Alejandra miró a su marido durante un largo segundo.

—¿Vendrás conmigo? —le preguntó y él negó con la sonrisa más asquerosamente falsa de la historia.

—No debería, Ale, alguien tiene que quedarse a atender a los invitados, no sería correcto que los dos novios se ausenten —replicó él y a Alejandra le temblaron las manos.

Podía enfrentarlo, pero recordó sus palabras: “Si la maldit@ de tu prima no se muere de esta, ya buscaré la forma de matarla”.

Alberto, el hombre que amaba, estaba decidido a acabar con su vida.

Salió de la habitación sin decir palabra y no se detuvo hasta llegar al estacionamiento de la mansión.

—¡Este, llévate este! —dijo Alberto pasándole las llaves del Ferrari.

Alejandra tomó las llaves con un estremecimiento y se subió en el coche, saliendo inmediatamente de la propiedad.

Lloraba desconsolada mientras conducía lo más despacio que podía. Pensaba en aquel día en que había conocido a Alberto. Había sido en una fiesta, ella tenía veinte años y él veintiocho. Alberto era amigo de Claudette y trabajaba como abogado en el bufete de su tío Milton. Su misma tía Leticia los había presentado y empujado uno hacia el otro diciendo que estaban destinados.

¿Cómo había llegado a aquella situación? ¿Cómo había sido tan estúpida de creer que aquellas personas la querían?

Las lágrimas caían por sus mejillas mientras miraba las curvas de la carretera frente a ella. Su vida corría peligro, pero sabía que no tenía forma de escapar de tanta maldad. Tenía el corazón destrozado y sentía que se ahogaba, así que hizo algo que jamás había pensado hacer:

Pisó a fondo el acelerador y lo dirigió a la primera curva de la carretera.

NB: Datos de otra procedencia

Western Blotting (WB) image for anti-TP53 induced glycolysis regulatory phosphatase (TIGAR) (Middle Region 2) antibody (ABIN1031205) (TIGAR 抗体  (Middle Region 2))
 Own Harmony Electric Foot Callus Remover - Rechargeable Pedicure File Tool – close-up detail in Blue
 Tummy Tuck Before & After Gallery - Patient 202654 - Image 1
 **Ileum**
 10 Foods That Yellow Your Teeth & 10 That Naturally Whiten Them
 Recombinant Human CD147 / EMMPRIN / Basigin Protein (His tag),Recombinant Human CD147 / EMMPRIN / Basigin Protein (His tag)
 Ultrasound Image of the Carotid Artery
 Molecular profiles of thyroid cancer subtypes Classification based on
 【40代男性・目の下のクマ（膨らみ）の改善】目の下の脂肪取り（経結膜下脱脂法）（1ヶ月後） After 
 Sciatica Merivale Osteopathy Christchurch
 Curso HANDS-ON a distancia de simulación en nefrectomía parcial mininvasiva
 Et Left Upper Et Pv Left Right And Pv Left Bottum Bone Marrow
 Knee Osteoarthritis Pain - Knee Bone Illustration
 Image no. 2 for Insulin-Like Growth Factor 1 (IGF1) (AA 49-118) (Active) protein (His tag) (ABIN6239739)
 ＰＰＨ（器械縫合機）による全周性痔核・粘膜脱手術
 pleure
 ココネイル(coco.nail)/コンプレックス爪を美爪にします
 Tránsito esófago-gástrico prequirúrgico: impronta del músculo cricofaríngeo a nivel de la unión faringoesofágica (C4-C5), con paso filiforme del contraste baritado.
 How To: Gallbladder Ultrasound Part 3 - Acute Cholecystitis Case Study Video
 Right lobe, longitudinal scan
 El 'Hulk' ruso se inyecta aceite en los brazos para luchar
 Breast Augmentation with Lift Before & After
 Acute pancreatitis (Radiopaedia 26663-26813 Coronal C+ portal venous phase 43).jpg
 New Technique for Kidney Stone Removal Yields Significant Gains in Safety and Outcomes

Alberto no podría matarla si ella misma se encargaba de acabar con su vida.

El Ferrari tomó la curva demasiado rápido y se salió de la carretera. Todo pasó ante los ojos de Alejandra como en cámara lenta. El auto dio una vuelta de campana y luego salió despedido por el aire hacia el precipicio. Cayó quince metros más abajo, destrozándose antes de que el tanque de gasolina se incendiara con una enorme explosión.

Y mientras todo era consumido por las llamas, los pensamientos de Alejandra fueron para su familia y para Alberto, el hombre que amaba y que la había destruido.

Una hora después una patrulla de policía llegaba al lugar del accidente. No había sobrevivientes para aquella tragedia, así que después de identificar la placa del Ferrari, se dirigieron a la mansión Sanromán para informar a Alberto que Alejandra había muerto. Tristemente, no habían logrado recuperar nada de su cuerpo después de la explosión.

Quinientos invitados vieron a aquel hombre llorar, maldecir, retorcerse de dolor por la muerte de su amada esposa, y todos lloraron con él, sin imaginar que asesinar a Alejandra Sanromán había sido su idea; todo porque quería robarle su herencia para hacer sus propios negocios, su propio imperio.

Y lo que Alberto Mejía estaba muy lejos de imaginar, era que Alejandra Sanromán no era de las que perdonaban, ni en esta vida, ni en ninguna otra.